Your response should contain every record below, copied exactly.

Start of Data under study

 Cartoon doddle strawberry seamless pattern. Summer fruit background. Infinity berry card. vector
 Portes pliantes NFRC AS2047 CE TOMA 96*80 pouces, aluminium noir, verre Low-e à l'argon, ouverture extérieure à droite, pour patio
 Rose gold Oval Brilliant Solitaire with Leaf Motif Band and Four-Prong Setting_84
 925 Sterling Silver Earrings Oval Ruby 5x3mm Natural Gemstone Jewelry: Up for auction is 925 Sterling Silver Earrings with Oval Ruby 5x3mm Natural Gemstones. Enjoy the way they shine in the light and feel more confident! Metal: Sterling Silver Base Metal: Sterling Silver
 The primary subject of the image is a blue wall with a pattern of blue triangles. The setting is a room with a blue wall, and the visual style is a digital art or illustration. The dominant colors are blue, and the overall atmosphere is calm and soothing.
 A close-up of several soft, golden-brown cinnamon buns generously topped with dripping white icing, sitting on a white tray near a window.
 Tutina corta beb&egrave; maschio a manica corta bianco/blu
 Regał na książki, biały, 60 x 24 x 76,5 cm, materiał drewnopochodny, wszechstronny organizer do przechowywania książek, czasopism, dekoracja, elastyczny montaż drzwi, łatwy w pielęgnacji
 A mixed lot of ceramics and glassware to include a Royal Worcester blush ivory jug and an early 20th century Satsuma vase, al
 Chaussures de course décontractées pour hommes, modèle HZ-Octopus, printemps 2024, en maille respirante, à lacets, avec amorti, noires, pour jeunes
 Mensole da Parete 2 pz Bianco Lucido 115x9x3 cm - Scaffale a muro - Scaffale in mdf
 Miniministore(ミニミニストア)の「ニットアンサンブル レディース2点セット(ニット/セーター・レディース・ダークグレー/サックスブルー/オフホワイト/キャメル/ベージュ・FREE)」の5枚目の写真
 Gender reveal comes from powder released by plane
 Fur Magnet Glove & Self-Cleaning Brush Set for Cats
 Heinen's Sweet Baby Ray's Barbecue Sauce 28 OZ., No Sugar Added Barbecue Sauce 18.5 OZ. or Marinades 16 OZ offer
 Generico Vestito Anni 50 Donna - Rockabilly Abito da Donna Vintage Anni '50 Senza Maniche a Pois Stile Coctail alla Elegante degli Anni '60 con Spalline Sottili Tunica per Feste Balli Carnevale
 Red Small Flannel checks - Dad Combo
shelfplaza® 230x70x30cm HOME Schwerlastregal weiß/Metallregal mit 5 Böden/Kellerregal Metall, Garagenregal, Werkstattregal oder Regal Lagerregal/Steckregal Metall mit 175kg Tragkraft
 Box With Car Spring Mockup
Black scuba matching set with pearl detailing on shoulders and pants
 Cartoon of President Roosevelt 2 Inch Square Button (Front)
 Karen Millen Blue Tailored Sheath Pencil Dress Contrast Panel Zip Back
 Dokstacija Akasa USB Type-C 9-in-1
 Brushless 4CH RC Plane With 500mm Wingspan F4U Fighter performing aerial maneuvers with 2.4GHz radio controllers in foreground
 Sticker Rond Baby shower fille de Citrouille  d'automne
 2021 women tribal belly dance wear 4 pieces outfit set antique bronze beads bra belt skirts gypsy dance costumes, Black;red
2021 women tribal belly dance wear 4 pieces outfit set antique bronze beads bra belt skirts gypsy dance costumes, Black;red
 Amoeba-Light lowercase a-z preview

End of Data under study

◆ Problem solution ◆
 Cartoon doddle strawberry seamless pattern. Summer fruit background. Infinity berry card. vector
 Portes pliantes NFRC AS2047 CE TOMA 96*80 pouces, aluminium noir, verre Low-e à l'argon, ouverture extérieure à droite, pour patio
 Rose gold Oval Brilliant Solitaire with Leaf Motif Band and Four-Prong Setting_84
 925 Sterling Silver Earrings Oval Ruby 5x3mm Natural Gemstone Jewelry: Up for auction is 925 Sterling Silver Earrings with Oval Ruby 5x3mm Natural Gemstones. Enjoy the way they shine in the light and feel more confident! Metal: Sterling Silver Base Metal: Sterling Silver
 The primary subject of the image is a blue wall with a pattern of blue triangles. The setting is a room with a blue wall, and the visual style is a digital art or illustration. The dominant colors are blue, and the overall atmosphere is calm and soothing.
 A close-up of several soft, golden-brown cinnamon buns generously topped with dripping white icing, sitting on a white tray near a window.
 Tutina corta beb&egrave; maschio a manica corta bianco/blu
 Regał na książki, biały, 60 x 24 x 76,5 cm, materiał drewnopochodny, wszechstronny organizer do przechowywania książek, czasopism, dekoracja, elastyczny montaż drzwi, łatwy w pielęgnacji
 A mixed lot of ceramics and glassware to include a Royal Worcester blush ivory jug and an early 20th century Satsuma vase, al
 Chaussures de course décontractées pour hommes, modèle HZ-Octopus, printemps 2024, en maille respirante, à lacets, avec amorti, noires, pour jeunes
 Mensole da Parete 2 pz Bianco Lucido 115x9x3 cm - Scaffale a muro - Scaffale in mdf
 Miniministore(ミニミニストア)の「ニットアンサンブル レディース2点セット(ニット/セーター・レディース・ダークグレー/サックスブルー/オフホワイト/キャメル/ベージュ・FREE)」の5枚目の写真
 Gender reveal comes from powder released by plane
 Fur Magnet Glove & Self-Cleaning Brush Set for Cats
 Heinen's Sweet Baby Ray's Barbecue Sauce 28 OZ., No Sugar Added Barbecue Sauce 18.5 OZ. or Marinades 16 OZ offer
 Generico Vestito Anni 50 Donna - Rockabilly Abito da Donna Vintage Anni '50 Senza Maniche a Pois Stile Coctail alla Elegante degli Anni '60 con Spalline Sottili Tunica per Feste Balli Carnevale
 Red Small Flannel checks - Dad Combo
shelfplaza® 230x70x30cm HOME Schwerlastregal weiß/Metallregal mit 5 Böden/Kellerregal Metall, Garagenregal, Werkstattregal oder Regal Lagerregal/Steckregal Metall mit 175kg Tragkraft
 Box With Car Spring Mockup
Black scuba matching set with pearl detailing on shoulders and pants
 Cartoon of President Roosevelt 2 Inch Square Button (Front)
 Karen Millen Blue Tailored Sheath Pencil Dress Contrast Panel Zip Back
 Dokstacija Akasa USB Type-C 9-in-1
 Brushless 4CH RC Plane With 500mm Wingspan F4U Fighter performing aerial maneuvers with 2.4GHz radio controllers in foreground
 Sticker Rond Baby shower fille de Citrouille  d'automne
 2021 women tribal belly dance wear 4 pieces outfit set antique bronze beads bra belt skirts gypsy dance costumes, Black;red
2021 women tribal belly dance wear 4 pieces outfit set antique bronze beads bra belt skirts gypsy dance costumes, Black;red
 Amoeba-Light lowercase a-z preview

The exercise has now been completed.